What you return should be the line containing "لن يشوهها الإرهاب" and each line after it to the end of the records, copied exactly.

[Records shown]

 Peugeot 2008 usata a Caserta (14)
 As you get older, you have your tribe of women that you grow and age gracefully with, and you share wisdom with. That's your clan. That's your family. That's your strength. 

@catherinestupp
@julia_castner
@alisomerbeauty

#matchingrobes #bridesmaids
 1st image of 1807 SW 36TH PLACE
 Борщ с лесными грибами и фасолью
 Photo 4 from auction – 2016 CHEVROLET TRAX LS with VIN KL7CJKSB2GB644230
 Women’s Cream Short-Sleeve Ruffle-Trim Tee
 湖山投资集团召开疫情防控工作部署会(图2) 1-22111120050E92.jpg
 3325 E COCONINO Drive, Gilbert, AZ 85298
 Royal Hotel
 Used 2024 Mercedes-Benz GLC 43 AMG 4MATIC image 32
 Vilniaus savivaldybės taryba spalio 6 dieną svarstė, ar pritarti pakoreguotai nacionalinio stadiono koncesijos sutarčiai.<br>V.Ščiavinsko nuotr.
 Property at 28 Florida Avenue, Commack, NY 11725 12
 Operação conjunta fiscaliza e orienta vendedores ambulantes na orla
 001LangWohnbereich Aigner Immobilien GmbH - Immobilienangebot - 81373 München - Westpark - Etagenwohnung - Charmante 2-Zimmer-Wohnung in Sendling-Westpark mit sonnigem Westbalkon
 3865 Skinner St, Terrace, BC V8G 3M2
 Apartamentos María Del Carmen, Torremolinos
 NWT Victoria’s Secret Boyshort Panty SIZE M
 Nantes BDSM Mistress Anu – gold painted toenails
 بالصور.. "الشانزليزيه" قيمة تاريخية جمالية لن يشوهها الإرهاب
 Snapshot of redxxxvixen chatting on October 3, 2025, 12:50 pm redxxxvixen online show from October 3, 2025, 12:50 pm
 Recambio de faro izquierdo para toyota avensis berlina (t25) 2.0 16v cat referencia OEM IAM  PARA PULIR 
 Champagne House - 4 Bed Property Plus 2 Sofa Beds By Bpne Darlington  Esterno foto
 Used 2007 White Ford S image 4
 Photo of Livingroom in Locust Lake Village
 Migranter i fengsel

[/Records shown]

■ Solution to this exercise ■
 بالصور.. "الشانزليزيه" قيمة تاريخية جمالية لن يشوهها الإرهاب
 Snapshot of redxxxvixen chatting on October 3, 2025, 12:50 pm redxxxvixen online show from October 3, 2025, 12:50 pm
 Recambio de faro izquierdo para toyota avensis berlina (t25) 2.0 16v cat referencia OEM IAM  PARA PULIR 
 Champagne House - 4 Bed Property Plus 2 Sofa Beds By Bpne Darlington  Esterno foto
 Used 2007 White Ford S image 4
 Photo of Livingroom in Locust Lake Village
 Migranter i fengsel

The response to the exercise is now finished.